**DATASET CONTENT:**
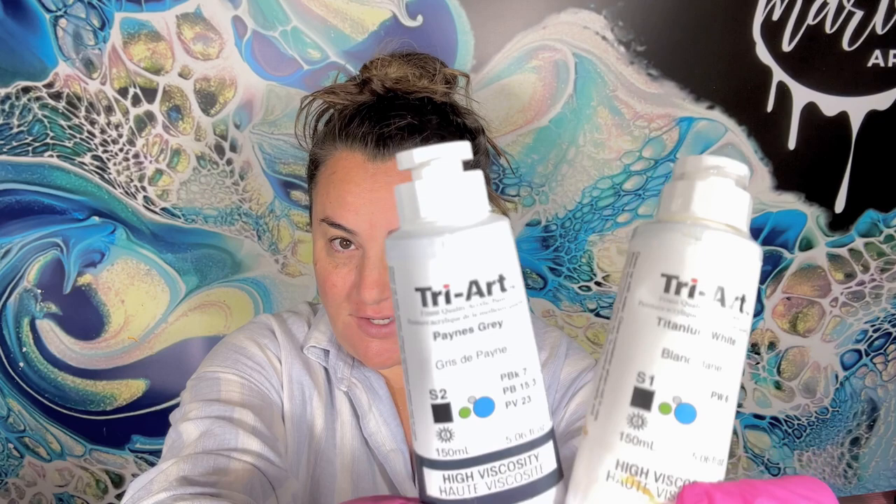Hello, welcome to Lisa Marvin Art. We're gonna do two fun things today. I'm gonna revisit a really old color combo that I did like three years ago, and we're gonna use it to compare cell activators. Today we are comparing Triart Titanium White and Payne's Grey to Amsterdam Titanium White and Payne's Grey.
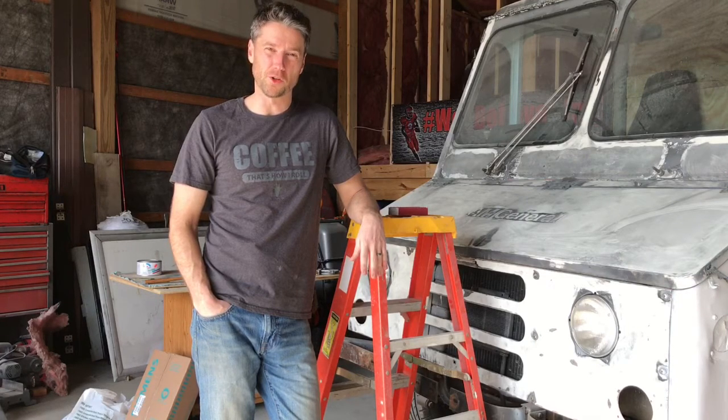Today is paint day. I've got about one-third of the truck painted so far. I'm gonna try to get the rest painted today, seal up the top of the roof, and put the electrical box in.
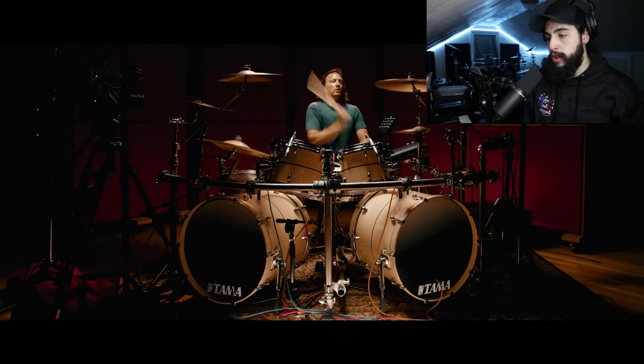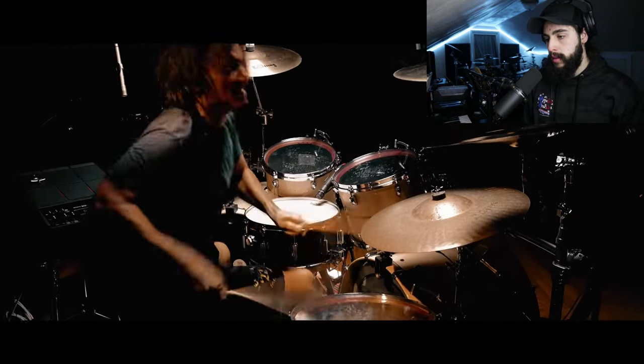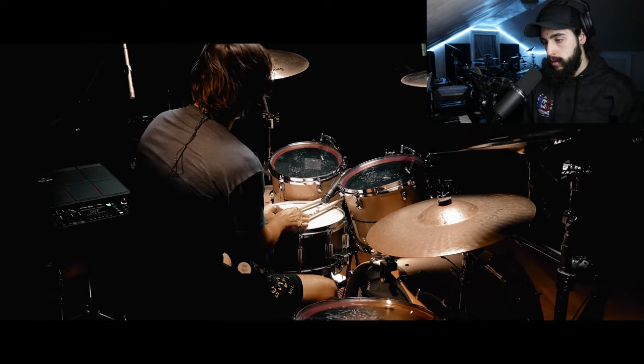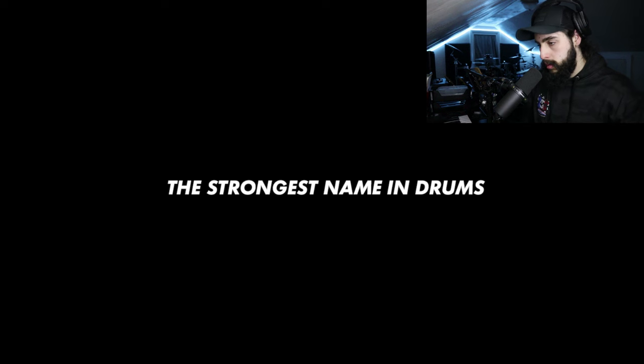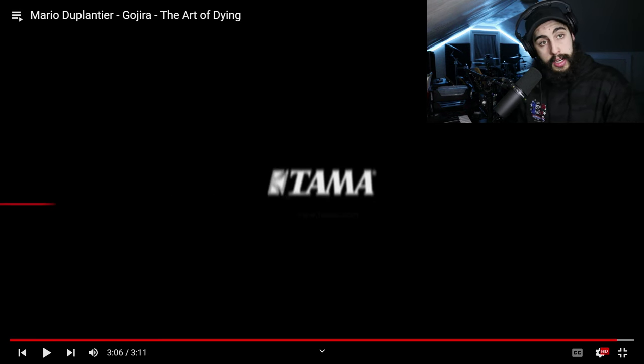He's vibing out — he's having fun with what he's playing. Now, there's a second half to the song that he did not play, which is really sad; I was really hoping we'd get to that. But phenomenal job on his part. That is definitely one of the hardest songs to play on drums just because of how complicated the polyrhythm is. So let's go into the review and see what we can learn from Mario Duplantier today.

**ASSIGNMENT:** Every line of the material above should be repeated exactly, except for the pictures.

**RESPONSE AREA:**
Hello, welcome to Lisa Marvin Art. We're gonna do two fun things today. I'm gonna revisit a really old color combo that I did like three years ago, and we're gonna use it to compare cell activators. Today we are comparing Triart Titanium White and Payne's Grey to Amsterdam Titanium White and Payne's Grey.
Today is paint day. I've got about one-third of the truck painted so far. I'm gonna try to get the rest painted today, seal up the top of the roof, and put the electrical box in.
He's vibing out — he's having fun with what he's playing. Now, there's a second half to the song that he did not play, which is really sad; I was really hoping we'd get to that. But phenomenal job on his part. That is definitely one of the hardest songs to play on drums just because of how complicated the polyrhythm is. So let's go into the review and see what we can learn from Mario Duplantier today.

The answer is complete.